In 2018 Clarke, alongside his colleagues Dr Diane Rodgers and Andrew Robinson, launched the Centre for Contemporary Legend research (CCL) at Sheffield Hallam University.

In 2024 the UKRI Arts & Humanities Research Council awarded Clarke 'Catalyst' funding for a 2-year project that will create a National Folklore Survey for England. Clarke leads the project alongside a team of academic folklorists including Dr Diane A. Rodgers (SHU); Professor Owen Davies and Dr Ceri Houlbrook (University of Hertfordshire); and US sociology professor Christopher Bader, of Chapman University. The survey updates the last national folklore survey for England that was launched in 1964 at Sheffield University's Centre for English Cultural Tradition and Language (CECTAL), where Clarke completed his PhD. The launch of the project was announced by The Observer newspaper on 20 October 2024.

== Journalism and Publications ==

Since the 1990s much of Clarke's journalism has concentrated on investigations of British government policy on UFOs/UAPs, working from documents opened at the UK National Archives. From 1998 he used the UK's Freedom of Information Act 2000 (FOIA) to gain access to closed UFO files held by the Ministry of Defence (MoD). This resulted in the release of the file on the famous Rendlesham Forest UFO incident in Suffolk, the MoD's report by the Flying Saucer Working Party used to brief Winston Churchill and, in 2006, the DIS report UAPs in the UK Air Defence Region (also known as the Condign report).

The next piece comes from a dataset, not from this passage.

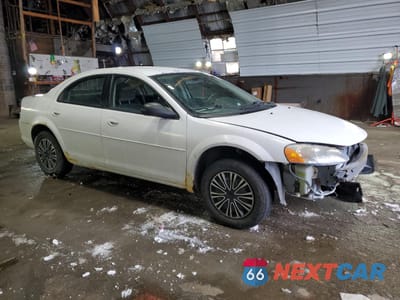 Czwarte zdjęcie samochodu z boku: 2006 DODGE STRATUS SXT VIN:1B3EL46X96N230707 - miniatura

Between 2008 and 2013 Clarke acted as the media consultant and spokesperson for the Open Government project that oversaw the transfer of 210 public records on UFOs from the Ministry of Defence to The National Archives.

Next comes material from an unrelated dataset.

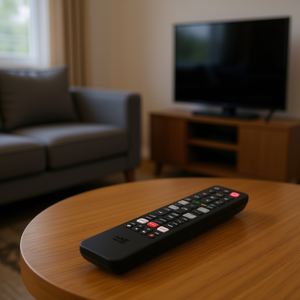 Control Remoto para TV TCL y Thomson, Modelo URC4922, Color Negro - Product Image 3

The project resulted in the public release of 60,000 pages of reports, correspondence and policy material on UFO-related issues in ten tranches. This material is available via the project website. At the completion of the project in 2018 Dr Clarke presented a public lecture at The National Archives; this is available as a podcast from the TNA website.

In 2022 Clarke was instrumental in both discovering and publishing the only extant original photograph of the infamous Calvine UFO sighting, along with the only contemporary witness account of the event provided by former RAF press officer Craig Lindsay.

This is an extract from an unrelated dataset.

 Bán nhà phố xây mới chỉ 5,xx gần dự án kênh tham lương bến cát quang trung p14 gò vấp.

Clarke's work on the MoD's UFO files and other archival material on unusual phenomena have been published in a series of books including Out of the Shadows: UFOs, the Establishment and the official cover-up (with Andy Roberts, 2002); Flying Saucerers: a social history of UFOlogy (with Andy Roberts, 2006); The UFO Files: The Inside Story of Real-Life Sightings (2009, second edition 2012); How UFOs Conquered the World: The history of a modern myth (2015); and UFO Drawings from The National Archives (2017).

His books on folklore, Fortean studies and contemporary legend include Twilight of the Celtic Gods (with Andy Roberts, 1996); The Angel of Mons (2004); and Britain’s X-traordinary Files (2014).

== Media work ==
Clarke has made numerous media appearances to discuss UFO-related material. Clarke's media work has included the two-part series Britain’s X-Files for BBC Radio 4 and a BBC Timewatch programme on Britain's UFO files shown in 2004.

He also appeared with former British Defence Minister Michael Portillo on Portillo’s State Secrets (2015) and Channel 5's Portillo's Hidden History of Britain (2018).

His freelance journalism has appeared in a variety of UK and international newspapers, magazines and journals including The Guardian, Folklore, Contemporary Legend, and BBC History.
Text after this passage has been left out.